Personal information
- Born: October 5, 1985 (age 40) Lakeland, Florida, U.S.
- Listed height: 6 ft 2 in (1.88 m)
- Listed weight: 201 lb (91 kg)

Career information
- College: Wake Forest
- NFL draft: 2009: undrafted

Career history
- Philadelphia Eagles (2009)*; Cincinnati Bengals (2009)*; New York Giants (2010)*; Hartford Colonials (2010); Jacksonville Jaguars (2011–2012)*;
- * Offseason or practice squad member only

Awards and highlights
- First-team All-ACC (2006); Sporting News Freshman All-American (2005);
- Stats at Pro Football Reference

= Sam Swank =

American football player (born 1985)

Sam Swank (born October 5, 1985) is an American former football placekicker. After playing college football for Wake Forest, he was signed by the Philadelphia Eagles as an undrafted free agent in 2009.

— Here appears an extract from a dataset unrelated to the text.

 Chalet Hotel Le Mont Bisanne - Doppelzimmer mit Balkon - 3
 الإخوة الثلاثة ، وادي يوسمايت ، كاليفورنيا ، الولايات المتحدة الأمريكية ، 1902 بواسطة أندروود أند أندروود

He was also a member of the Cincinnati Bengals, New York Giants, Hartford Colonials, and Jacksonville Jaguars.

==College career==
After redshirting as a true freshman in 2004, Swank was a four-year starter at placekicker for Wake Forest and usually handled punting duties, as well. As a sophomore in 2006, Swank was voted ACC Championship Game's Most Valuable Player, scoring all nine points in Wake Forest's 9–6 victory over Georgia Tech. Swank finished his career as the all-time leading scorer at Wake Forest with 337 points, setting school records with 71 field goals and 124 career PATs.

==Professional career==
===Philadelphia Eagles===
Swank was signed as a free agent by the Philadelphia Eagles after being undrafted in the 2009 NFL draft. He was waived on May 27, 2009.

===Cincinnati Bengals===
Swank signed with the Cincinnati Bengals on August 24, 2009 after placekicker Shayne Graham suffered a groin injury. He was waived during final cuts on September 5, 2009.

===New York Giants===
After spending the 2009 season out of football, Swank was signed to a future contract by the New York Giants on January 6, 2010. He was waived on June 11.

===Hartford Colonials===
Swank was signed by the Hartford Colonials of the United Football League on November 8, 2010.

===Jacksonville Jaguars===
Swank was signed by the Jacksonville Jaguars on August 9, 2011. He was waived on August 25. He was re-signed following the 2011 season on April 16, 2012. He was waived again on April 27.